Sep 21, 2022 | Industry

Your car’s warranty: there to protect you 

South Africa, 21 September 2022: All new vehicles as well as some used ones are sold with warranties. These are there to protect you, as the buyer, from the implications of certain paint, structural, mechanical or electrical breakdown or failure in the vehicle that may arise. There is, however, a difference in the types of warranty and what is covered. The National Automobile Dealers’ Association (NADA) explains:

Manufacturer’s warranty

All new vehicles are sold with a manufacturer’s warranty. The warranty is provided by the motor manufacturer or importer of the particular brand of vehicle and it is a promise that the vehicle should do what it is intended to do. If not, then the buyer can have the matter attended to and the faulty component repaired or replaced.

The manufacturer’s warranty is restricted by time or distance travelled, and will differ between car brands. Typically, warranties are valid for three to seven years and up to between              100 000km and 150 000km travelled. There are also limitations as to what components are covered. Normally mechanical faults in major components, for example, the engine or gearbox, are covered. However, most manufacturers’ warranties do not cover wear-and-tear items such as tyres, wiper blades and brake pads, which would generally be looked after by a service or maintenance plan.

Depending on the warranty, breakdowns or failures should be covered in full. However, there are factors that could void the warranty. For instance, driver abuse or incorrect use of the vehicle, or modifications or alterations to the vehicle outside of what is permitted in the owner’s handbook or approved by the manufacturer. Owners are also required to comply with manufacturer-specified service intervals and repairers in order to keep warranties valid.

It is best to read up on what it covers, the terms and conditions, and the actions that make the warranty invalid before leaving the dealer floor. Know what you are in for, to make sure that you are not left out of pocket if an issue arises.

Top-up or extended warranty

A top-up or extended warranty is available to supplement limitations in the factory or manufacturer’s warranty, by covering the costs of repairs, replacement parts and labour for an extended time or distance travelled, as negotiated. For example, a three- or five-year manufacturers’ warranty may have mileage limits on parts covered or may only cover the battery for two years. The top-up warranty will remove these limitations or vastly extend them.

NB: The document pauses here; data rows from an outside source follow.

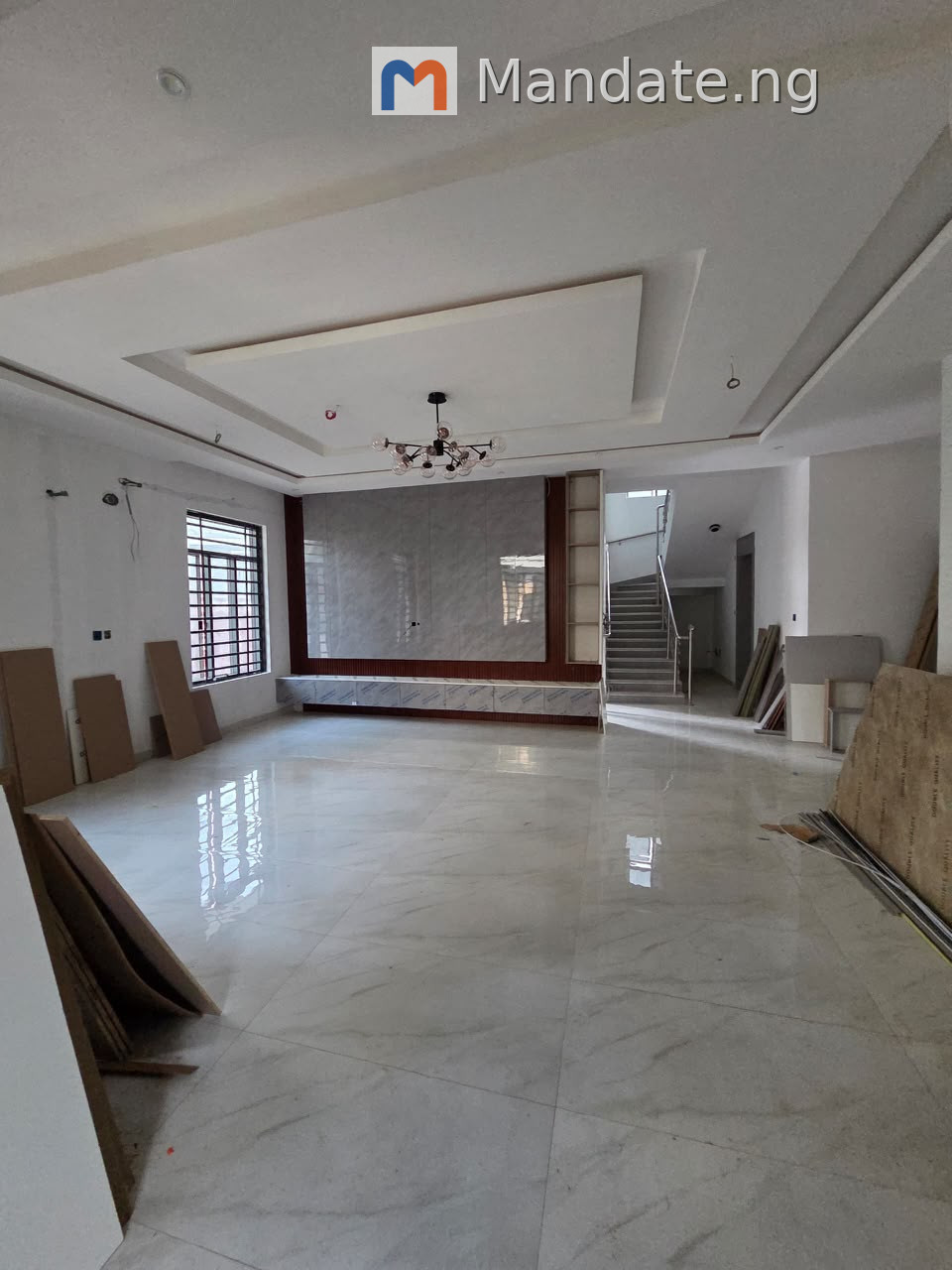 Exquisitely Built 4 Bedroom Maisonette with BQ, Pool, Gym and Elevator in Maryland For Sale in in Maryland Maryland Lagos photo 15
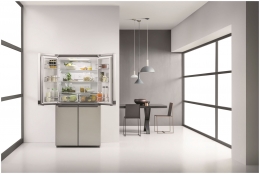 Whirlpool lanza en España el frigorífico de altas prestaciones Júpiter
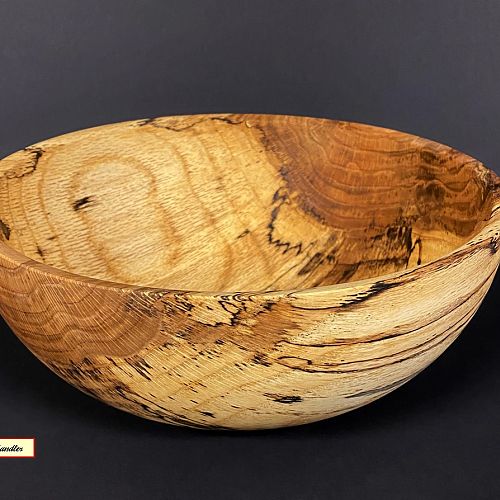 Pin Oak Bowl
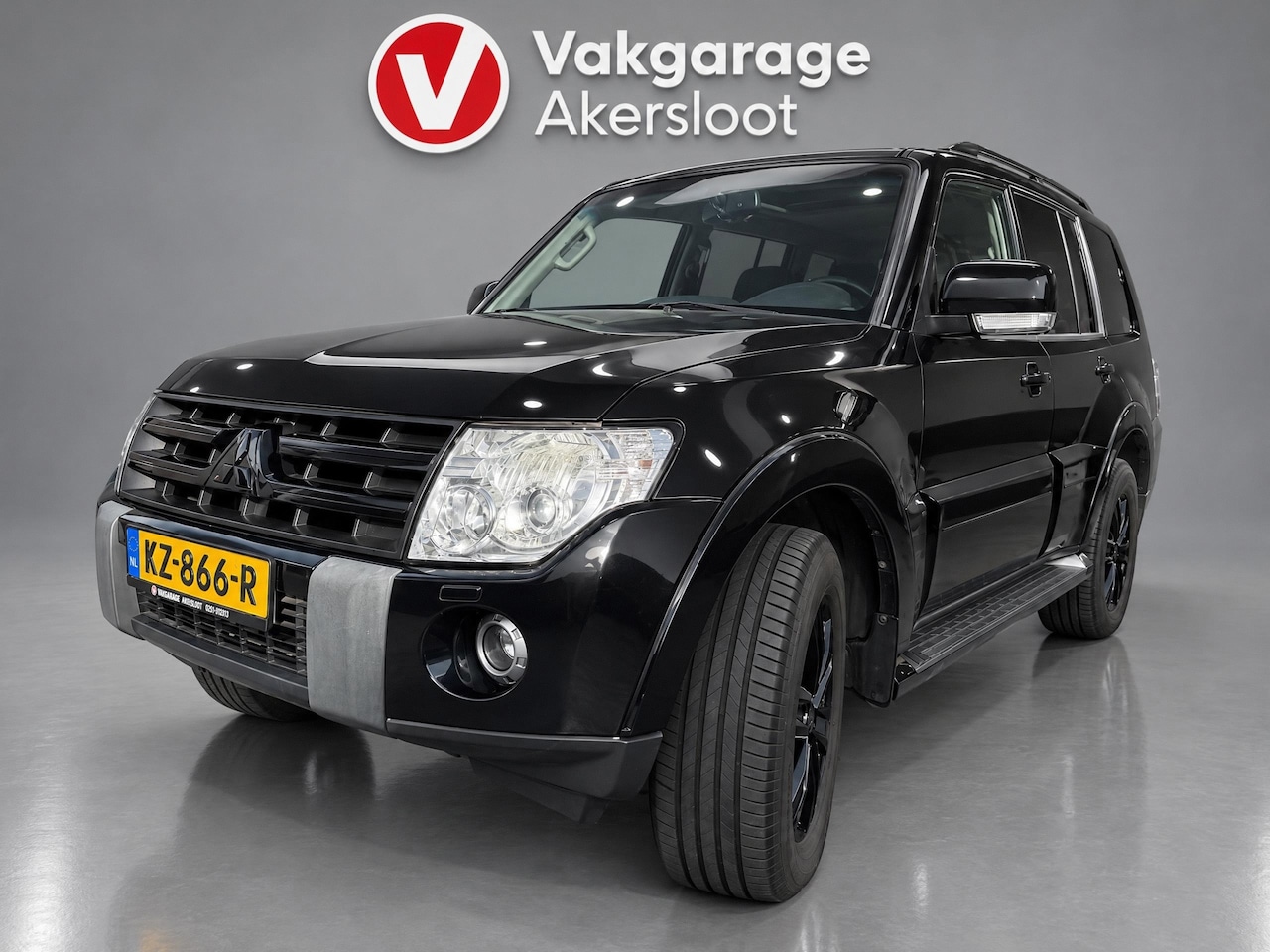 Mitsubishi Pajero - 3.8 V6 Instyle / AppleCarPlay / Automaat / Camera / Stoelverwarming - AutoWereld.nl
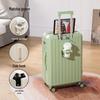 JOURHEY SHI Women's Lightweight Multi-functional Travel Suitcase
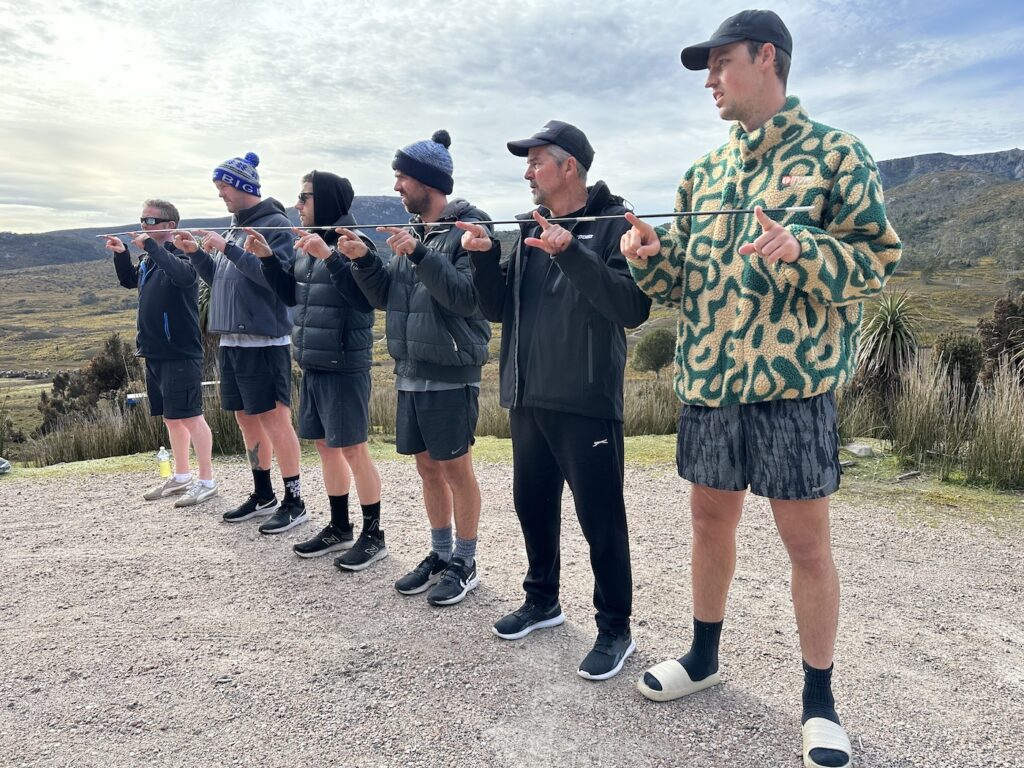 resilience training program for teams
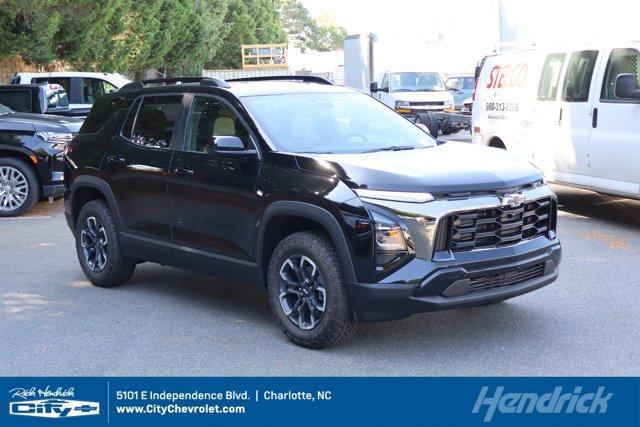 new 2026 Chevrolet Equinox car, priced at $33,845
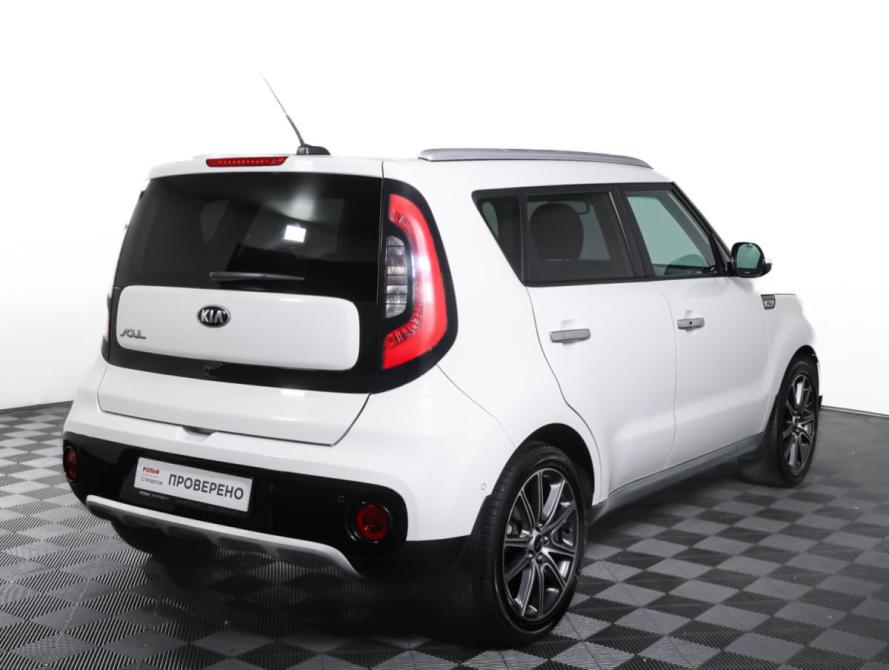 Kia Soul II Рестайлинг Москва  - изображение 5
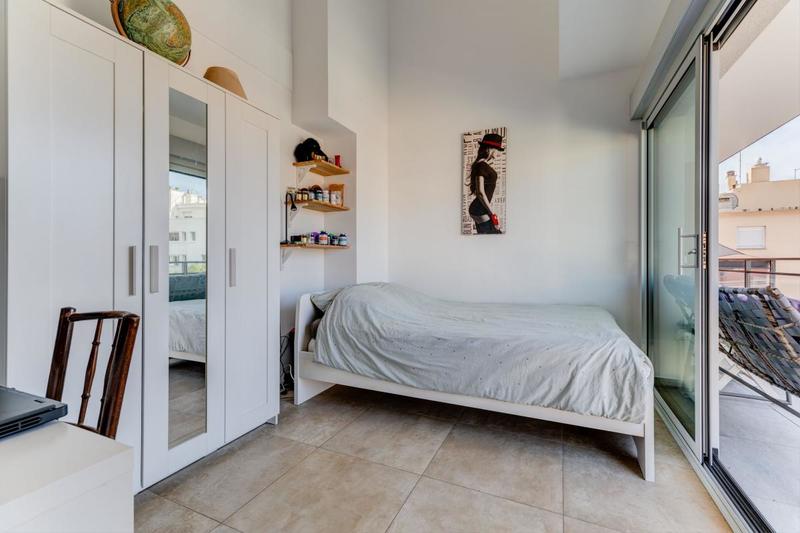 Duplex - 80 m² - 4 pièces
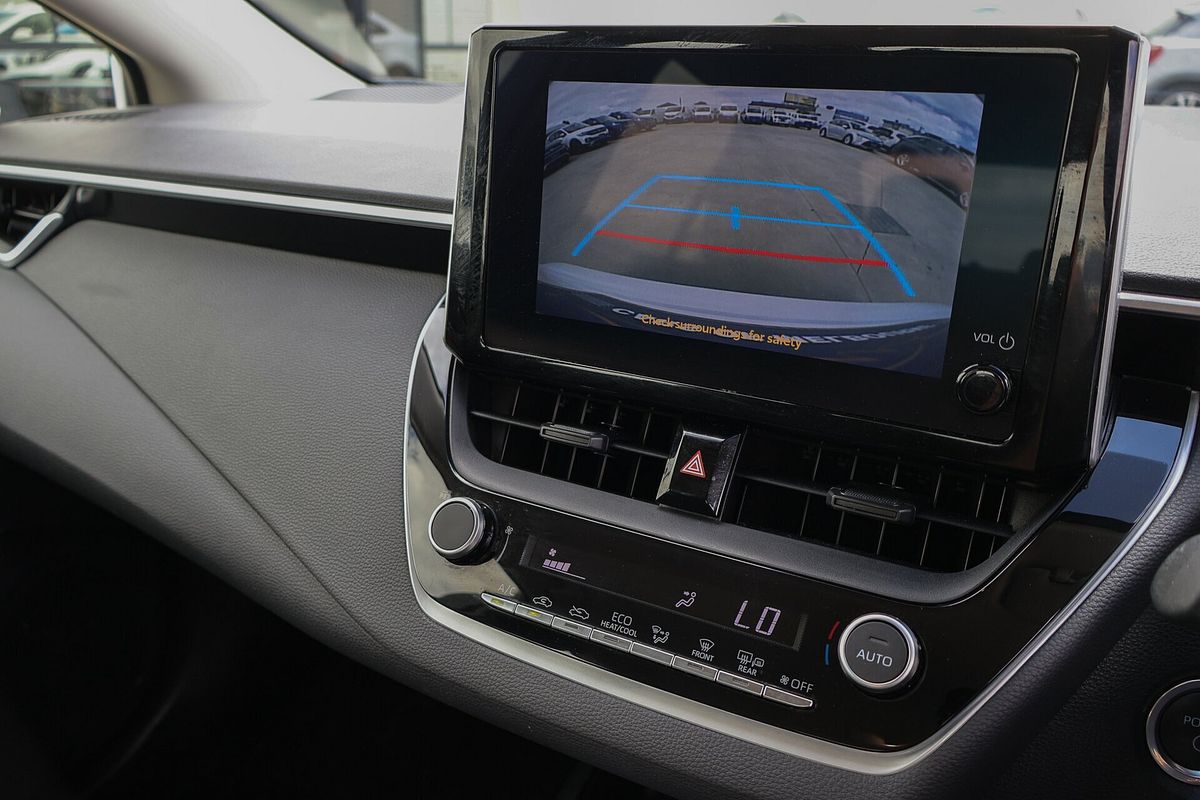 2022 Toyota Corolla Ascent Sport Hybrid ZWE219R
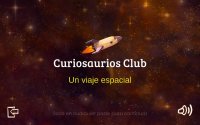 Cкриншот Curiosaurios Club. Un viaje espacial, изображение № 2671405 - RAWG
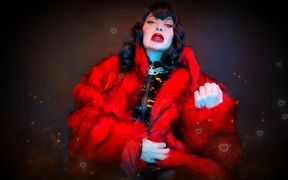 Wrapped in Fur, Locked in Love - JOI, Sensual, Love Addiction
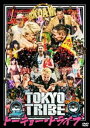 TOKYO TRIBE／トーキョー トライブ DVD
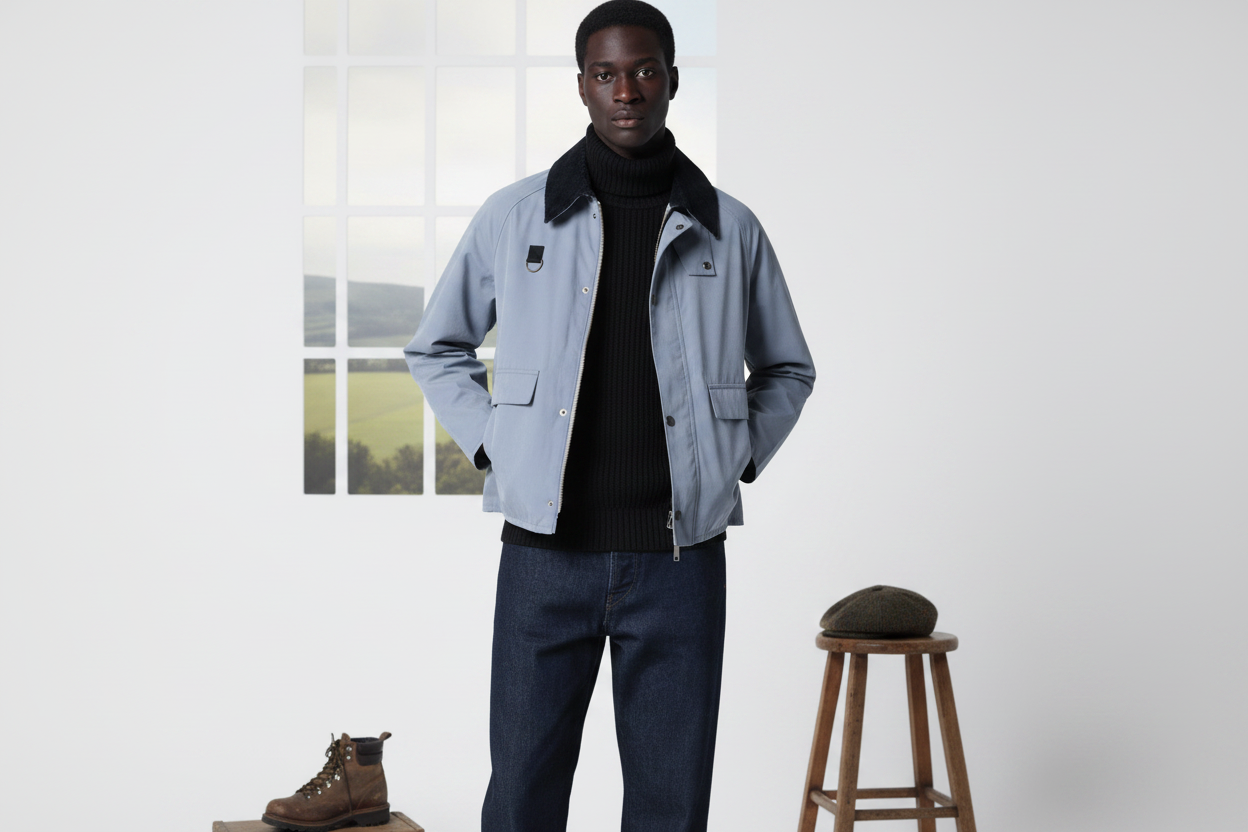 Collection: Barbour
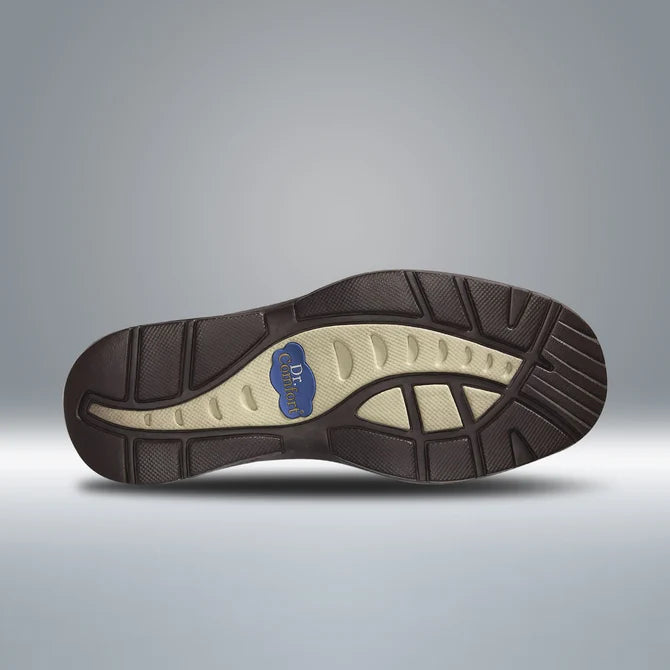 Dr. Comfort - Men’s Casual Sandal - Orthopedic Shoes - Fisherman - A5500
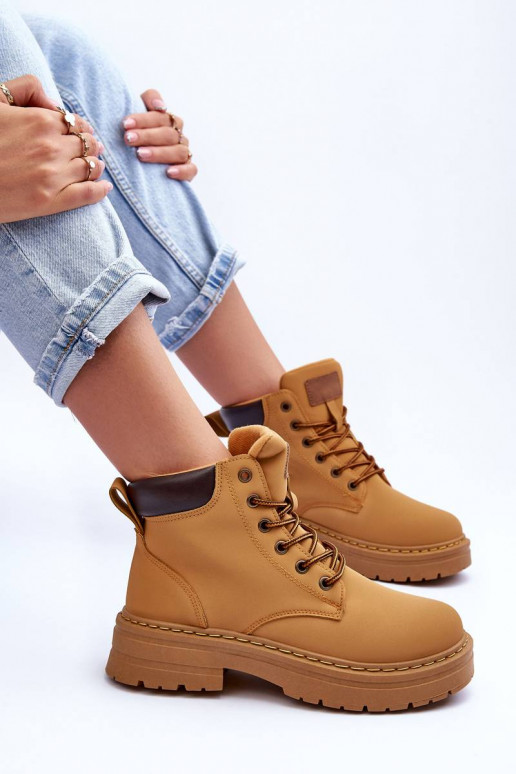 Pašiltinti aulinukai rudos spalvos... Pašiltinti aulinukai rudos spalvos...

These sold warranties are available at the dealer and are sourced from  warranty companies or insurers. They are typically offered for vehicles up to 15 years old or with less than               300 000km on the clock (but this depends on the particular policy). However, sold warranties are also subject to limitations and exclusions, so it’s best to carefully read the fine print of what is covered.

Taking out an extended warranty when you purchase a used vehicle can help protect you against a range of unexpected costs.

CPA warranty

A further form of protection available when purchasing a new or used vehicle is the warranty offered by the Consumer Protection Act (CPA). This is an implied warranty of quality and is valid for six months.

The CPA overrides the ‘as is’ or ‘voetstoots’ clause, however, vehicles sold on auction fall out of this ambit. The warranty afforded by the CPA puts the onus on the supplier to remedy any breakdowns or failures that arise in the vehicle, unless sold with a specific provision, for example, an old car sold without a warranty on the engine, gearbox or driveshaft. The warranty will take effect and will apply provided the client does not operate the vehicle outside of its intended use.

In the event of a breakdown or failure within the 6-month timeframe and not caused by, or the fault of the client, the client is afforded rights to a repair, replace or refund. If a component repair is selected and within three months the issue occurs again, then the CPA requires that the part is replaced or a refund provided.  

NADA’s advice to the consumer is as soon as your vehicle is giving a problem take it back to the selling dealer where you bought it from and get it seen to. If you’re not getting any joy from the service advisors, ask to speak to the dealer principal within the dealership, because that’s the person who is in charge and should ensure that your problem is resolved. In the case of a franchise dealer, you also have the option to escalate to the manufacturer or importer directly, to resolve the matter.

Alternatively, you can approach the National Automobile Dealers’ Association (NADA). We have consumer complaints specialists employed and we’ll look into it. If we can’t resolve it, it can be escalated to the Motor Industry Ombudsman.

NADA is a constituent association of the Retail Motor Industry Organisation (RMI).